# Deep Reinforcement Learning

Dynamic Programming

Julien Vitay

Professur für Künstliche Intelligenz - Fakultät für Informatik

# Dynamic Programming (DP)

• Dynamic Programming (DP) iterates over two steps:

1. Policy evaluation

• For a given policy \pi, the value of all states V^\pi(s) or all state-action pairs Q^\pi(s, a) is calculated based on the Bellman equations:

V^{\pi} (s) = \sum_{a \in \mathcal{A}(s)} \pi(s, a) \, \sum_{s' \in \mathcal{S}} p(s' | s, a) \, [ r(s, a, s') + \gamma \, V^{\pi} (s') ]

2. Policy improvement

• From the current estimated values V^\pi(s) or Q^\pi(s, a), a new better policy \pi is derived.
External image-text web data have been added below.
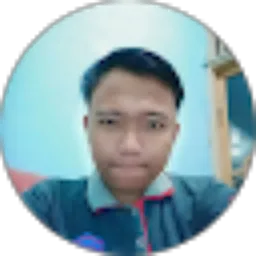 Review From GILANG cees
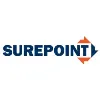 Surepoint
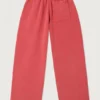 Damen-Jogginghose Jitbay Artikelnummer: JIT05BH26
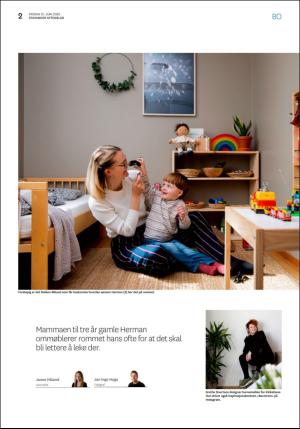 aftenbladet_bolig-20200612_000_00_00_002.pdf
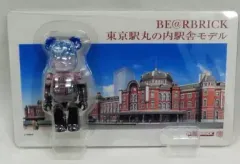 2025年最新】be@rbrick 東京駅丸の内駅舎モデルの人気アイテム - メルカリ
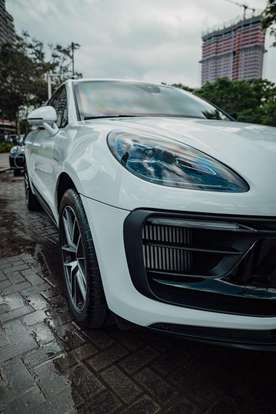 PORSCHE-MACAN-2024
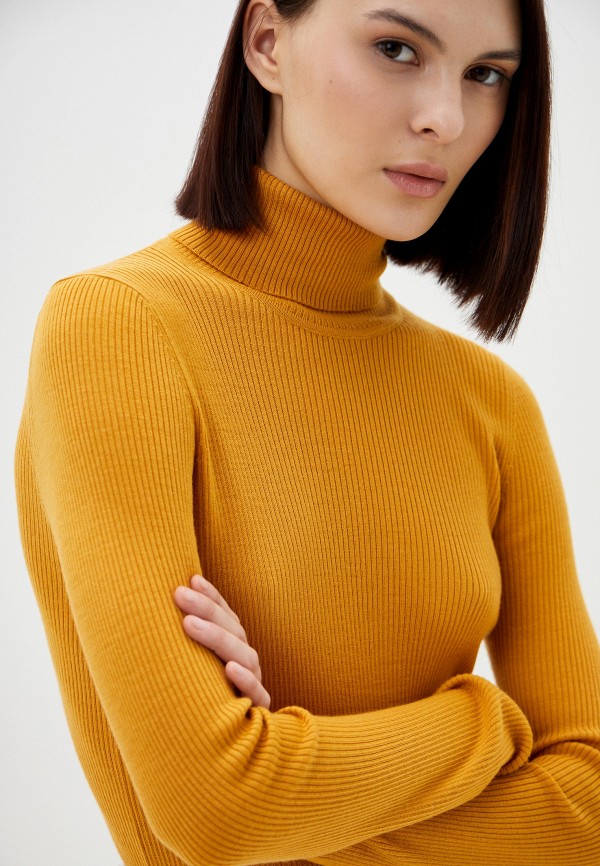 фото Водолазка jc just clothes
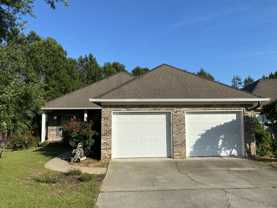 30108 Loblolly Cir - Photo 1 of 1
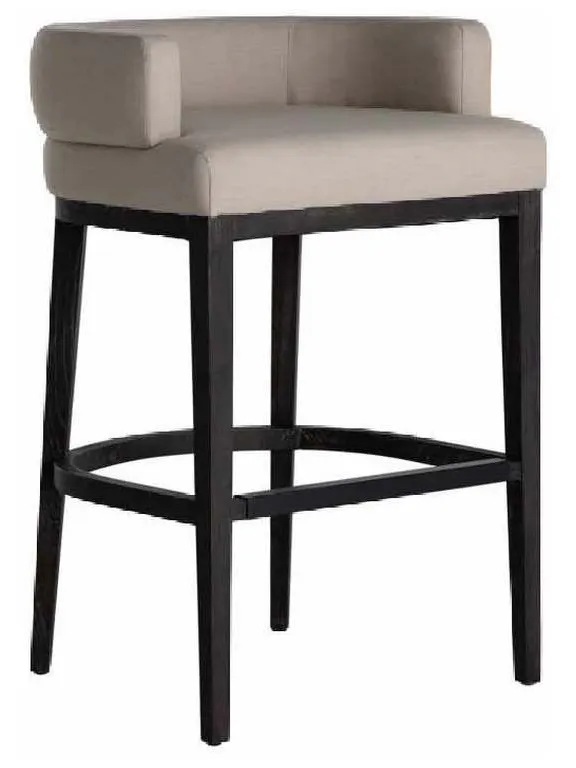 Gabby Home SCH-175114 Douglas Bar Stool Gabby Home SCH-175114 Douglas Bar Stool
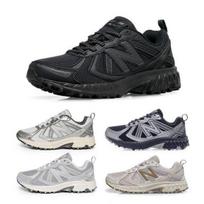 New Balance Galleria New Balance 410 Sneakers  5 Unisex Choose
\pi' \leftarrow \text{Greedy}(V^\pi)

• After enough iterations, the policy converges to the optimal policy (if the states are Markov).

• Two main algorithms: policy iteration and value iteration.

# Policy evaluation

• Bellman equation for the state s and a fixed policy \pi:

V^{\pi} (s) = \sum_{a \in \mathcal{A}(s)} \pi(s, a) \, \sum_{s' \in \mathcal{S}} p(s' | s, a) \, [ r(s, a, s') + \gamma \, V^{\pi} (s') ]

• Let’s note \mathcal{P}_{ss'}^\pi the transition probability between s and s' (dependent on the policy \pi) and \mathcal{R}_{s}^\pi the expected reward in s (also dependent):

\mathcal{P}_{ss'}^\pi = \sum_{a \in \mathcal{A}(s)} \pi(s, a) \, p(s' | s, a)

\mathcal{R}_{s}^\pi = \sum_{a \in \mathcal{A}(s)} \pi(s, a) \, \sum_{s' \in \mathcal{S}} \, p(s' | s, a) \ r(s, a, s')

• The Bellman equation becomes V^{\pi} (s) = \mathcal{R}_{s}^\pi + \gamma \, \displaystyle\sum_{s' \in \mathcal{S}} \, \mathcal{P}_{ss'}^\pi \, V^{\pi} (s')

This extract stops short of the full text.